September of last year, my father died alone in his sleep. Prior to that, my father and I had begun making progress in establishing some type of relationship to the tune of a record long eight-minute phone conversation and meeting of his granddaughter, which was ultimately my last time seeing him alive. Upon his death, I began to learn just how gifted and successful my father was in his younger years, a reality that escaped him during my childhood and adolescence as he struggled with various demons until his untimely transition. So as a father, actively healing from my own childhood and relational traumas, Andre’s transparency in regards to his father is shining a bright light on some of my own areas of healing. The main being, that in order to defeat something, you have to understand what it is you’re fighting. And that everything is not to be fought, just simply accepted and built upon. Andre’s acceptance of the influence his parent’s lives had on him — good and bad — speaks to the transformative power of self-awareness and what happens when you hold yourself accountable for your own happiness.

For years, Andre has done an Avenger-like job of remaining unseen and relatively unheard until he so desires. And reading this interview, I now empathize with the need for isolation and what transformation has had to take place for him to answer his soul’s call versus that of his celebrity. To live life on his own accord while actively engaging in the self-work and personal growth that has always been at the center of everything he does, intensified even more with age and understanding.

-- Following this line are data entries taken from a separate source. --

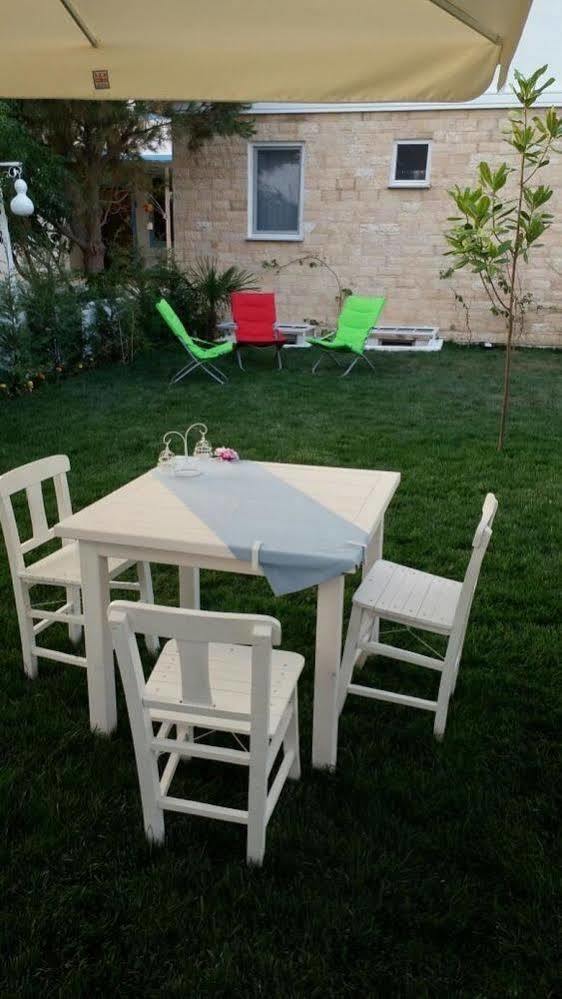Garden Ada Hotel Bozcaada Dış mekan fotoğraf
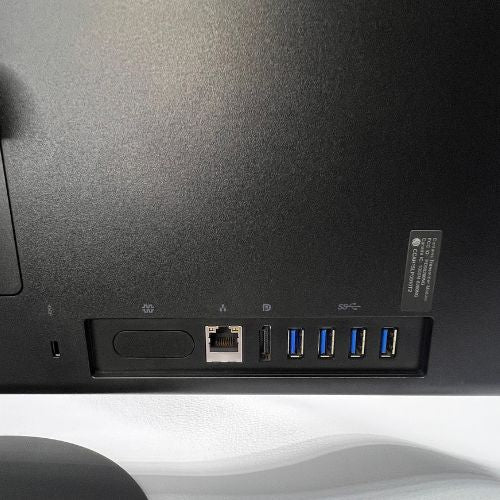 Lenovo AIl in One ThinkCentre M900z (Pantalla 24", Intel Core i7 de 6° Gen, 8GB DDR4, 256GB,  Windows 10H) REMATE - C006025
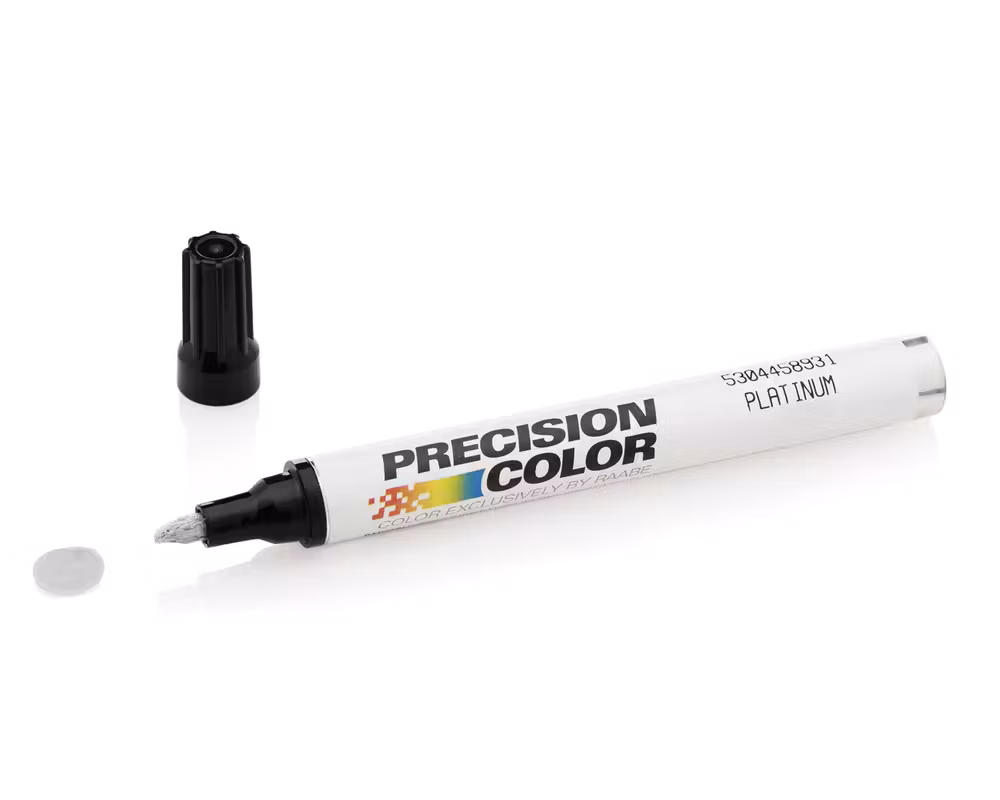See Details - Smart Choice Platinum Touchup Paint Pen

And putting this all into the perspective of him as an icon, a mentor so many of us see ourselves in, it gives me hope in our abilities to embrace multi-leveled, nuanced, identities as black men while still holding ourselves accountable for our own healing and collective progression. Sir Benjamin’s transparency, especially while praising his partner Big Boi’s business savvy, family structure and confidence, displays a side of greatness we rarely get a chance to see. That of humility.

“Yeah, running around the world. I can say, man, my partner, Big Boi, has always been on it. He’s sharp. He always knew the right decisions. He got into a real relationship really early. Right before our second album, he had a kid, and he and the girl stayed together, and they’re married now. I did the opposite. I’m all over the place. I never went on real dates. I don’t want to meet anybody’s parents. Like, I’m a fucking rapper … Big Boi is smart as fuck. We went to the same high school. I dropped out in 11th grade. Big Boi graduated with honors. When you watch early OutKast videos, Big Boi’s the leader. He always had the confidence, where I was kind of like the shy one.”

As lauded as Andre is as compared to Big Boi, he frequently pays respects to his rap partner's strengths setting an example for us as men to learn and grow from each other. A part of his greatness is that he still sees himself as a work in progress. This is a lesson that 3 Stacks does an effortless job of teaching us all in this interview. We’re all really just works in progress. Keep killing the Tretorns, and we’re still waiting on that Jimi Hendrix biopic, but Dre you just might need to look into life coaching, big bruh.

3 Stacks the Therapist? Now that’s a couch I’ll sit on any day of the week.